= Evenings with Mark Fine =

Australian radio program

Evenings with Mark Fine was a program on Melbourne sports radio station 1116 SEN that ran from March 2007 to December 2017.

Mark Fine had been host of the program since 2007 and had been one of only two presenters to have been with the station continuously since its inception until he lost his job at SEN in the revamp after Craig Hutchison was made CEO at the start of 2018 (the other being Kevin Hillier). Evenings with Mark Fine ran from 7pm to midnight Monday to Thursday during the AFL season and over the same time frame from Monday to Friday during the non-AFL period.

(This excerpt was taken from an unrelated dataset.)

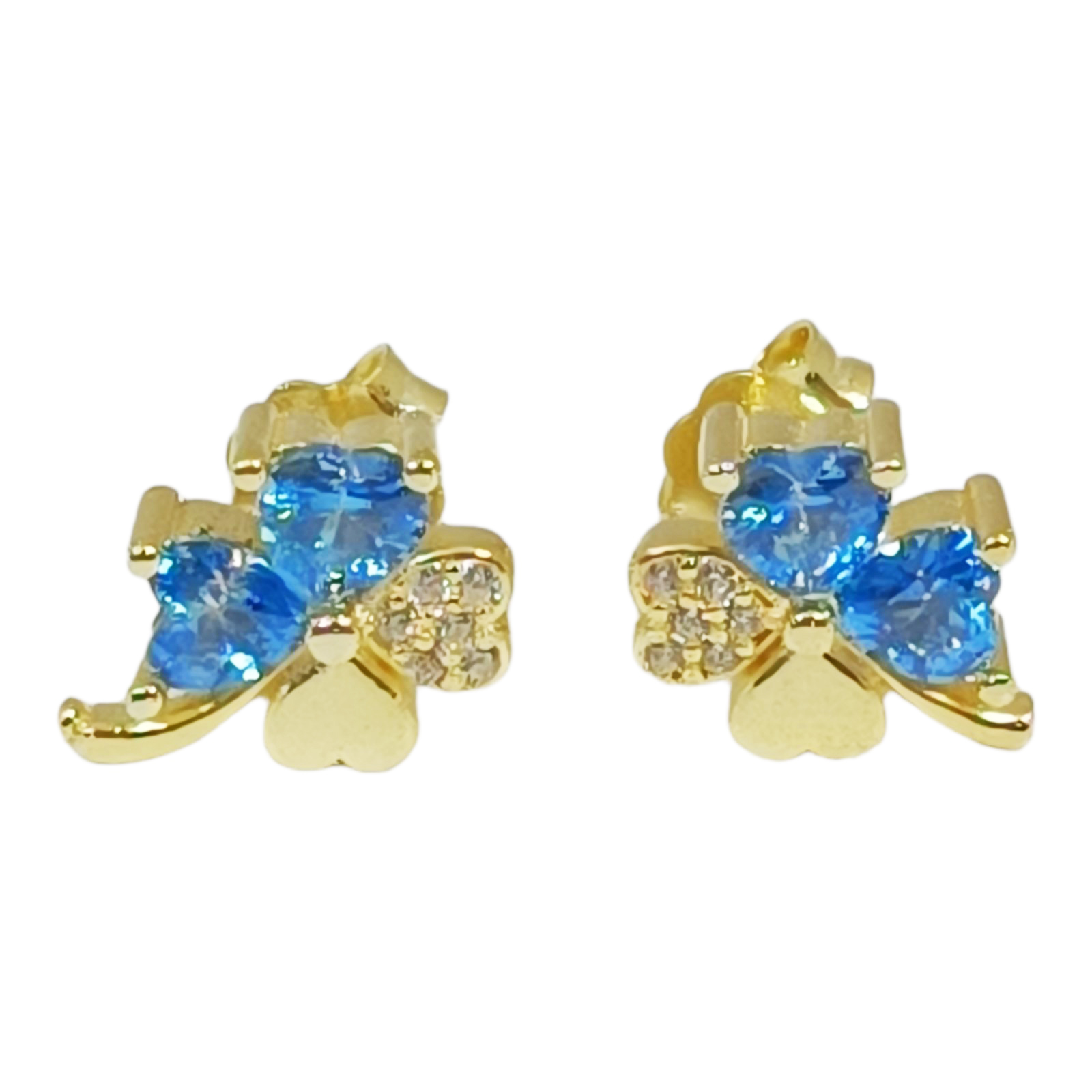 Boucles Argent \'Trèfles à 4 Feuilles\' bleu doré - 12x8 mm - [S0461]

The program consisted of a number of regular segments such as the fitness hour with Craig Harper, radio game show Initially Speaking with Troy Zantuck and 'Milney', Bush and the Burbs, covering suburban and country football with Paul Daffey as well as a soccer hour with Michael Zappone and David Davutovic. There was also a weekly feature interview with a former AFL footballer or sporting star facilitated by Geoff Poulter. AFL journalists such as Ashley Browne, Nick Bowen, Howard Kotton, Nigel Carmody and Brett Anderson were regulars on the program as well as former players such as Campbell Brown, Adam Cooney, Scott Lucas, Chris Bryan and Terry Wallace.

A regular on the evening program was outspoken lawyer Stephen J. Peake. Often the butt of Fine's vitriol, Peake played the role of brow-beaten blowhard with good humor and excellent wit. The on-air dynamic between Fine and Peake bore no resemblance to their off-air relationship, where they share a close friendship and deep mutual respect.

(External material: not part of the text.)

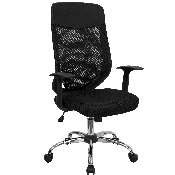 High Back Black Mesh Executive Swivel Office Chair with Arms, LF-W952-GG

The longest running segment on the evening program was an industry-respected golfing hour called Chasing Birdies hosted by former tour professionals Mark Allen and Craig Spence.

Over the history of Evenings with Mark Fine the host had been joined by co-hosts including AFL stars Martin Pike, Jason Johnson, Gavin Crosisca, Robert Shaw, David Armitage, Michael Jamieson and Dom Gleeson; NRL stars Cameron Smith, Brett Finch and Steve Turner. Former Socceroos Archie Thompson, Clint Bolton, and David Clarkson as well as Melbourne Victory’s Grant Brebner. He was also joined regularly by cricketers John Hastings, Bryce McGain, Rob Quiney, Adam Dale and Nick Jewell.

Arguably the most controversial but respected segment on Evenings with Mark Fine was The Right Time co-hosted by Mick Hall, principal of Dayhab Rehab facility and former Collingwood premiership player, Gavin Crosisca - himself a former addict now a qualified drug and alcohol counselor. The program aired weekly for over three years then monthly on a Monday night and dealt with the issues faced by addicts, former addicts and the family and friends of addicts. Recognised in the health industry as a ground breaking program for commercial radio in Australia, The Right Time received a City of Melbourne, Lord Mayors award in 2015.

In January 2018, Crocmedia took over ownership of 1116 SEN and in the subsequent merging of SEN and Crocmedia the on air weekly lineup was significantly altered, resulting in Mark Fine being made redundant and ending his near 14 year stint at the station. With the departure of Fine so ended over a decade of Evenings with Mark Fine.